1. Data Activator monitors Eventstream
2. Azure Monitor queries KQL database every 5 min
3. If Data Activator fails, Azure Monitor catches issues
4. Both send to same Teams channel with source tag
"""
3. Monitor the Monitor
# Track Data Activator health
def check_data_activator_health(workspace_id: str) -> dict:
"""Check health of Data Activator triggers."""
triggers = get_all_triggers(workspace_id)
health_report = {
"total_triggers": len(triggers),
"active_triggers": 0,
"failed_triggers": 0,
"issues": []
}
for trigger in triggers:
status = get_trigger_status(trigger["id"])

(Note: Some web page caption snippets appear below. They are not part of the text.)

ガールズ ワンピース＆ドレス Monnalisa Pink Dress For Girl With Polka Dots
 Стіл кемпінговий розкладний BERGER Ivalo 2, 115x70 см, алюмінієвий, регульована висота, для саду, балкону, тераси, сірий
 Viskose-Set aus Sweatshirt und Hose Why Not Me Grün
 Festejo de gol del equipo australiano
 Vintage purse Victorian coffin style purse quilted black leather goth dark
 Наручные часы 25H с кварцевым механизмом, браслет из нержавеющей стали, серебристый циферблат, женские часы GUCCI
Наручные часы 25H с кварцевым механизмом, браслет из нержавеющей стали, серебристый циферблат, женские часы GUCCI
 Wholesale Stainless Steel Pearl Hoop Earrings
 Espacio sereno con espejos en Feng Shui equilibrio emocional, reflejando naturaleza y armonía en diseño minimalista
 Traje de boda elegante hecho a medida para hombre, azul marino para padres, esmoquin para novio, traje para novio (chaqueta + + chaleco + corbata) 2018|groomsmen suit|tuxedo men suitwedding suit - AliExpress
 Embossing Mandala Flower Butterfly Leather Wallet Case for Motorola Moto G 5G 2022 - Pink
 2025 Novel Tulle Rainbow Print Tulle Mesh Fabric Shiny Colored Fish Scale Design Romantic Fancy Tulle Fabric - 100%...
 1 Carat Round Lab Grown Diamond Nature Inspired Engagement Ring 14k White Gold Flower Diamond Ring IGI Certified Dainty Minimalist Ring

if status["state"] == "Active":
health_report["active_triggers"] += 1
elif status["state"] == "Failed":
health_report["failed_triggers"] += 1
health_report["issues"].append({
"trigger": trigger["name"],
"error": status["error"]
})
return health_report
Roadmap Expectations
Based on Microsoft announcements and community signals:
| Feature | Expected Timeline |
|---|---|
| Webhook actions | Q1 2024 |
| Azure Functions integration | Q2 2024 |
| Trigger templates | Q2 2024 |
| Cross-workspace sources | Q2 2024 |
| GA release | H2 2024 |
Conclusion
Data Activator preview offers powerful event-driven capabilities but requires careful planning:
- Use for non-critical scenarios during preview
- Build redundancy for important alerts
- Document everything for GA migration
- Provide feedback to shape the product
- Plan for scale even if starting small
The preview is an excellent time to learn and experiment. Build your expertise now to be ready when GA arrives.